[Recorded data]
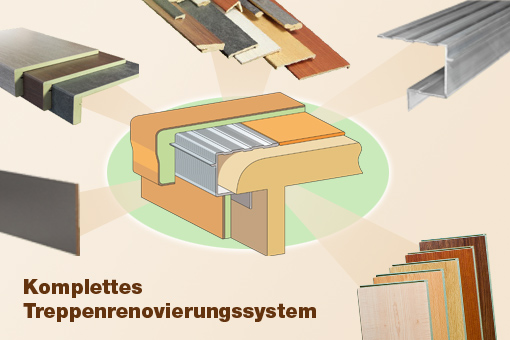Komplettes Treppensystem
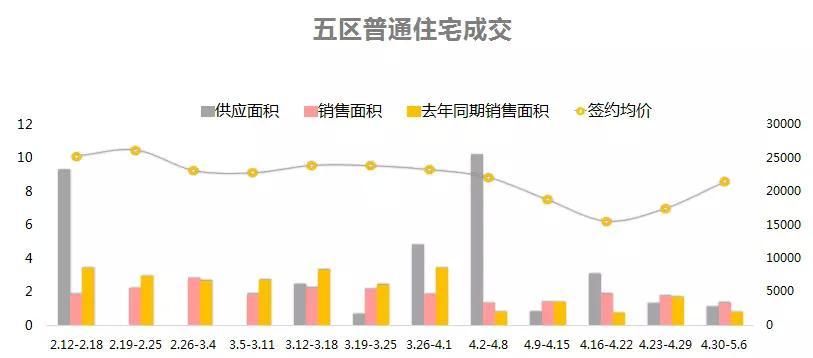 首付40万，福州这个2万以下的楼盘成了捡漏王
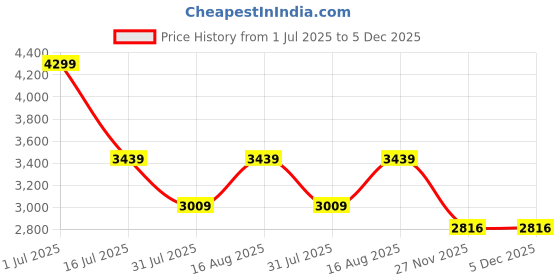myntra.com Skechers Men Running Sports Shoes skechers Price History Graph from 1 Jul 2025 to 5 Dec 2025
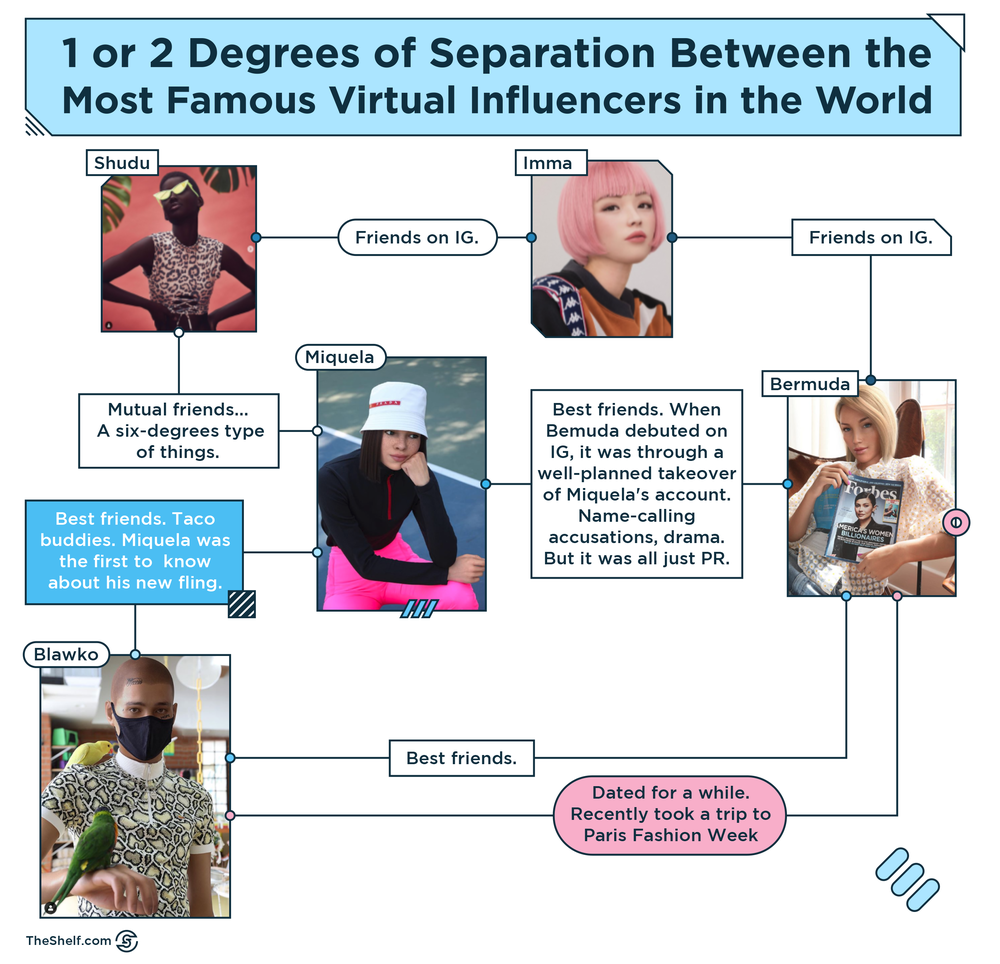 Infographic image on degrees of separation between the most famous virtual influencers in the world. INFOGRAPHIC EMBEDDED CODE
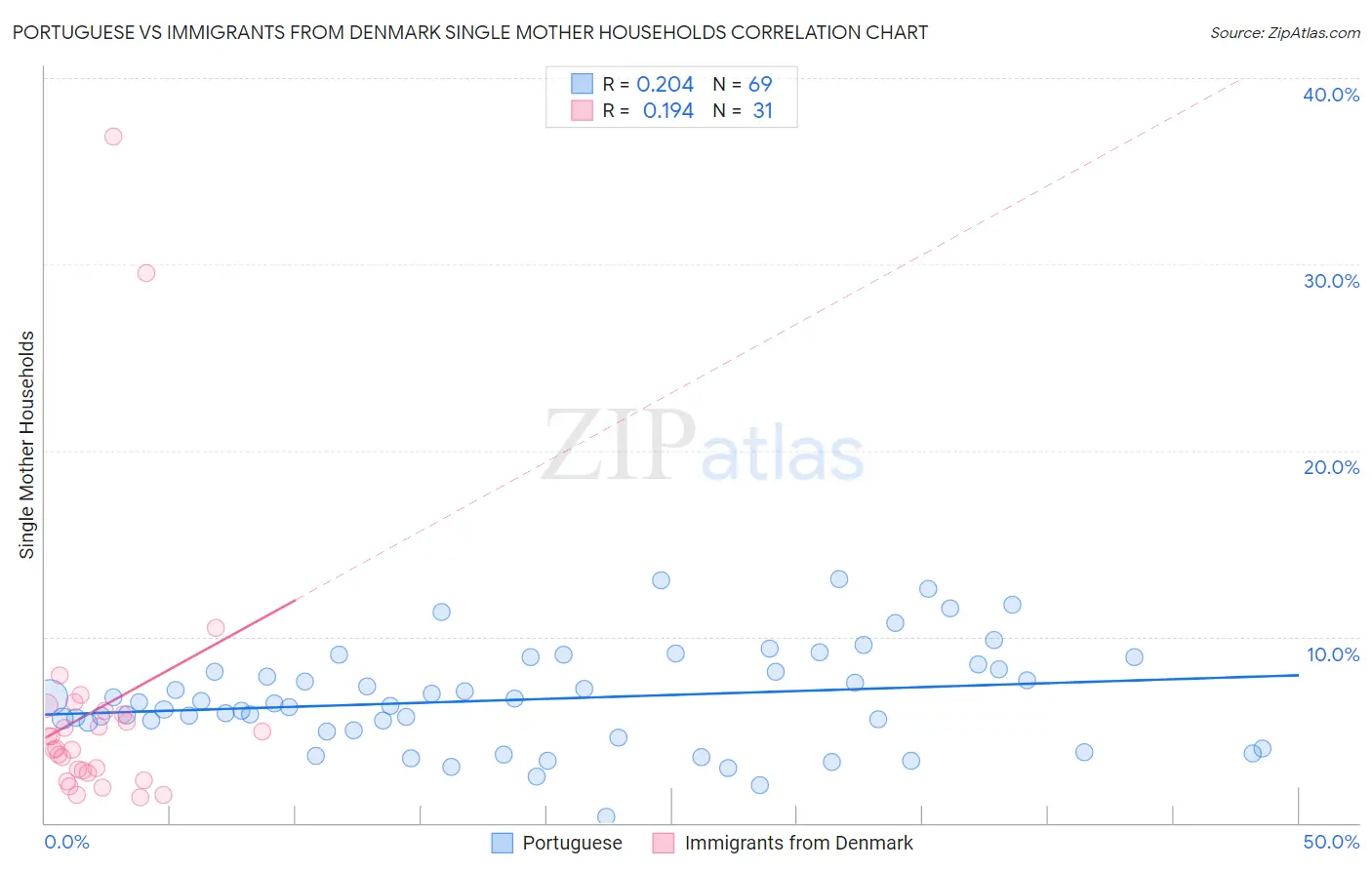 Portuguese vs Immigrants from Denmark Single Mother Households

▶ Task description: Please copy every entry exactly, without the pictures.

▶ Exercise result:
Komplettes Treppensystem
 首付40万，福州这个2万以下的楼盘成了捡漏王
myntra.com Skechers Men Running Sports Shoes skechers Price History Graph from 1 Jul 2025 to 5 Dec 2025
 Infographic image on degrees of separation between the most famous virtual influencers in the world. INFOGRAPHIC EMBEDDED CODE
 Portuguese vs Immigrants from Denmark Single Mother Households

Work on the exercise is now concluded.